Please reproduce, exactly and with nothing added, the line containing "Gadgetman - Logo" and every line after it to the end of the records.
** LISTED RECORDS follows **
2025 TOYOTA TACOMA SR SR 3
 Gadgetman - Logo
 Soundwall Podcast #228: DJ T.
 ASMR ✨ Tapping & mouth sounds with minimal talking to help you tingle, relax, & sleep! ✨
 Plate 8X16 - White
** End of LISTED RECORDS **
## RESULT
 Gadgetman - Logo
 Soundwall Podcast #228: DJ T.
 ASMR ✨ Tapping & mouth sounds with minimal talking to help you tingle, relax, & sleep! ✨
 Plate 8X16 - White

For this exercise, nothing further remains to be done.